Dans leur mémoire en réplique, les demandeurs font valoir que si, d’après la partie étatique, la jurisprudence considérerait que le PAP NQ était le principe, tandis que le PAP QE serait l’exception, tout en concédant que la jurisprudence aurait effectivement retenu ce principe, ils donnent toutefois à considérer qu’il importerait de constater qu’en pratique, une grande majorité des terrains construits ou constructibles dans une zone viabilisée serait classée en zone soumise à un PAP QE. Les demandeurs estiment, dès lors, que la logique inverse devrait s’appliquer dans l’hypothèse d’un terrain viabilisé, à savoir que la soumission à un PAP QE constituerait la « règle de bon sens », conformément à la ratio legis du texte prévoyant le recours au PAP QE, et que le classement en zone soumise à un PAP NQ constituerait l’exception.
De l’avis des demandeurs, le choix d’une commune d’imposer l’élaboration d’un PAP NQ plutôt que d’un PAP QE devrait être fondé sur des considérations urbanistiques d’intérêt général. Ainsi, et en raison du principe de mutabilité des PAG, le simple fait que la parcelle litigieuse aurait déjà auparavant été classée dans une zone soumise à l’élaboration d’un PAP ne serait, dans ce contexte, pas pertinent.
Enfin, les consorts (AB) font, face à l’argumentation de la partie étatique selon laquelle l’élaboration d’un PAP NQ serait nécessaire au motif que la voie publique ne serait « pas dotée de réseaux d’eau usées ni d’ailleurs de trottoirs et d’éclairage », remarquer « que la route … existante n’a[urait] pas été intégrée dans la zone soumise à PAP NQ, de sorte que d’éventuels travaux de réfection de cette voirie, ne serai[ent] pas à prévoir dans le cadre du PAP », alors que, dans une zone superposée d’un PAP NQ, seuls des travaux d’infrastructures seraient à charge du promoteur. Les demandeurs précisent, dans ce contexte, en se référant, à ce sujet, aux articles 25, 34 (5) et 37 de la loi du 19 juillet 2004, que les travaux relatifs à la mise en place d’un trottoir et d’éclairages publics sur une route existante, voire même l’installation d’une canalisation seraient des travaux accessoires de voirie qui pourraient être imposés par la commune dans le cadre d’un PAP QE. Ils font, finalement, valoir que si les terrains situés de l’autre côté de la route … devaient être considérés comme étant « non viabilisés », ils auraient, telle que la parcelle litigieuse, également dû être superposés d’une zone PAP NQ, ce qui ne serait toutefois pas le cas.

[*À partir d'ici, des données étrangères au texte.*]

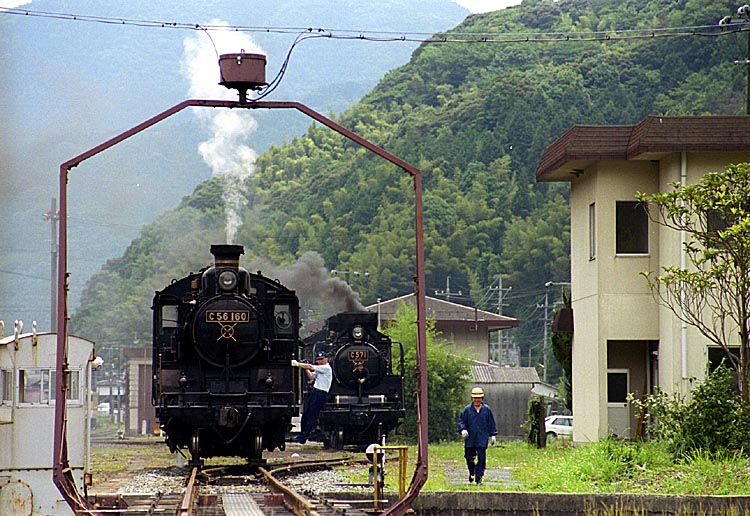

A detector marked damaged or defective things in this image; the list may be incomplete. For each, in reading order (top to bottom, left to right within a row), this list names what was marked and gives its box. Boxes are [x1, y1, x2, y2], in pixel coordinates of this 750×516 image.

rusty metal frame [53, 99, 428, 512]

La partie étatique conclut, quant à elle, au rejet de ce moyen, pris dans ses différentes branches, pour être non fondé.
Analyse du tribunal S’agissant d’abord des contestations des demandeurs ayant trait à un défaut de motivation concernant la superposition de la partie constructible de la parcelle (P1) d’une zone soumise à un PAP NQ, les demandeurs visent, de l’entendement du tribunal, non pas à reprocher à la décision ministérielle litigieuse une absence de motivation d’un point de vue formel, mais à critiquer la justification avancée par l’autorité étatique à la base de sa décision, entérinant le choix communal, en ce qu’elle ne permettrait pas de comprendre à suffisance les raisons pour lesquelles la superposition de la partie constructible de leur parcelle d’une zone soumise à un PAP NQ serait conforme à l’intérêt général.
A titre superfétatoire et avant d’analyser la légalité de la décision déférée, le tribunal précise qu’au-delà de l’absence d’exigence légale ou réglementaire spécifique à l’indication formelle des motifs, les actes administratifs à caractère réglementaire doivent reposer sur de justes motifs légaux devant avoir existé au moment où ils ont été respectivement pris, motifs dont le juge administratif est appelé à vérifier tant l’existence que la légalité. Ces motifs doivent être retraçables, à la fois par la juridiction saisie et par les administrés intéressés, afin de permettre l’exercice effectif du contrôle juridictionnel de légalité prévu par la loi8.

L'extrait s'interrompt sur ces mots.